A Minnesota district judge has slapped the Hubbard County sheriff with a temporary restraining order, ruling that the county must stop obstructing access to a property used by opponents of Enbridge's Line 3 pipeline project.
Indigenous activist Winona LaDuke and Tara Houska, two leaders of protests against the oil pipeline, recently sued Hubbard County and Sheriff Cory Aukes for repeatedly blocking a driveway to a home near Menahga in north-central Minnesota.
The property is one of several camps near the pipeline route used by "water protectors," as Line 3 protesters call themselves.
Houska, the house's tenant and caretaker, and LaDuke say that on June 28, Sheriff's Office squad cars arrived at the home, and its occupants were told their driveway would soon be "barricaded." Sheriffs' deputies have continued to obstruct access to the property, the lawsuit said.
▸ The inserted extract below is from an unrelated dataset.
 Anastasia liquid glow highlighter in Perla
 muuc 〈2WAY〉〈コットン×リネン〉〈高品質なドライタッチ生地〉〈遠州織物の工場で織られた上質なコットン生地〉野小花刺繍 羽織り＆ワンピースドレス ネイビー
The plaintiffs argued that the county's actions were denying them their property rights, and District Judge Jana Austad agreed.
"This is a substantial violation of plaintiffs' right to the use and the enjoyment of the property," she wrote. "The alleged conduct of the Hubbard County Sheriff's Department could also, if established, be a deprivation of constitutional rights."
Austad ordered the Sheriff's Office to stop "barricading, obstructing or otherwise interfering with access to the property." Deputies also must stop issuing citations or arresting people for their presence on the driveway — unless they have a valid warrant.
"We want to thank the court for informing Hubbard County about the rights of property owners, and hope that the sheriff's continued preoccupation with the repression of water protectors can be focused on real criminals," LaDuke, who leads the Indigenous environmental group Honor the Earth, said in a statement.